Michele Clark in the News: St. Louis Post Dispatch about Retirement

In the St Louis Post Dispatch article “Gallagher: Can You Afford to Retire?” Jim Gallagher discusses a recent report by the Government Accountability Office (GAO) that estimated how much of your pre-retirement income one would need for retirement spending. I shared my experience with helping pre-retirees plan for retirement and how surprised people are by how expensive healthcare can be in retirement. Especially when you look at the impact that inflation has on it over time.  I also shared the figures I used when planning for retirees who do not have employer provided retiree healthcare.

Healthcare expenses are a significant portion of retirement spending and can prevent people from being on track for their retirement goals. In order to get on track you usually have to make adjustments such as;

1) increase the amount you are saving toward retirement, or

2) consider a later retirement age, or

3) spending less on other financial goals in retirement

or some combination of those three variables in order to reach your most important financial goals in retirement.

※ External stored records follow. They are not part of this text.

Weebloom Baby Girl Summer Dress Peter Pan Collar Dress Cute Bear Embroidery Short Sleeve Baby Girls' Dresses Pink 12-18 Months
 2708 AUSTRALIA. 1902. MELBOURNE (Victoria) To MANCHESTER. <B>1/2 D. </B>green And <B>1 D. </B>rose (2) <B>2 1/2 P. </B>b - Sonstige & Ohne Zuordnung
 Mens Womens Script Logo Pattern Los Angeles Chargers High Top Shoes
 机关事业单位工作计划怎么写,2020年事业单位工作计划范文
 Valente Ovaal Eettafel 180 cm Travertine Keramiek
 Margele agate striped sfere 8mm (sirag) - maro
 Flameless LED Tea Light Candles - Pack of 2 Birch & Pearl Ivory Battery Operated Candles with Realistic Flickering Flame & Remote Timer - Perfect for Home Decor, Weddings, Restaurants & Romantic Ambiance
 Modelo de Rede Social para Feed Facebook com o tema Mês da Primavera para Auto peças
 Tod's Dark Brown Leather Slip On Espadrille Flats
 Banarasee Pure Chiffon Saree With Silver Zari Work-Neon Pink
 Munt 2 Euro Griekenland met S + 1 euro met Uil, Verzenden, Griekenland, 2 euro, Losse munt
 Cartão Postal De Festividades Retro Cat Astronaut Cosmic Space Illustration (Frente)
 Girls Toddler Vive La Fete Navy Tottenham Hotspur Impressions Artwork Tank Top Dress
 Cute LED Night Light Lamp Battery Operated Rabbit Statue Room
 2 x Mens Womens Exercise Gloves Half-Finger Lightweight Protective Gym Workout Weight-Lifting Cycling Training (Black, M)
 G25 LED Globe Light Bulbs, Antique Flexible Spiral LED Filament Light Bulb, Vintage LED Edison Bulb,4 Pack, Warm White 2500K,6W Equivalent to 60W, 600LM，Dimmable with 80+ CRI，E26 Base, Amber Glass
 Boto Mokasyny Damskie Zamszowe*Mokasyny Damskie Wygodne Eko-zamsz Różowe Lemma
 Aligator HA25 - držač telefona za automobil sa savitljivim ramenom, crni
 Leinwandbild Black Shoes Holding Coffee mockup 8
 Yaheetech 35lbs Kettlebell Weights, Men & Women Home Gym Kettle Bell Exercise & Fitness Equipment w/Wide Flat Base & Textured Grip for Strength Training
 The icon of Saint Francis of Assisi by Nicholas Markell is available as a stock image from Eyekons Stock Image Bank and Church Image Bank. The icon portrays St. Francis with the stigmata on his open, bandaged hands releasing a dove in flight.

Jim also included information that I shared with him about the most common mistake I see when potential clients come in and would like me to double check their math to see if they can afford to retire. It is that they have added up their sources of income such as portfolio, Social Security, pension, etc. and compared it to their expected expenses their first year of retirement and since the two numbers (income verses expenses) finally match up they think they can afford to retire.  I know that that is a dangerous assumption because I have run so many financial plans and I have a lot of experience seeing the impact of inflation therefore I know that in a few years the income sources will not be covering the expenses due to the different inflation assumptions for income sources versus expense items.  For example Social Security income we assume will inflate at 2% while healthcare expenses we assume inflate at 6%.  The better course of action is to run a Monte Carlo analysis to determine if your money will last a lifetime and if not what changes to the three variables listed above would need to be made.

Some clients that initially hire me discover that they are already on track to make all of their retirement needs, wants, and wishes come true. But for most folks, we must create a plan with action steps to get there.  I have noticed that some people who thought they were on track were not, and some people who thought they were not, were.  Give yourself enough years before you would like to retire so that you can create the retirement for yourself that you deserve.  Especially considering what you now know about healthcare expenses and inflation!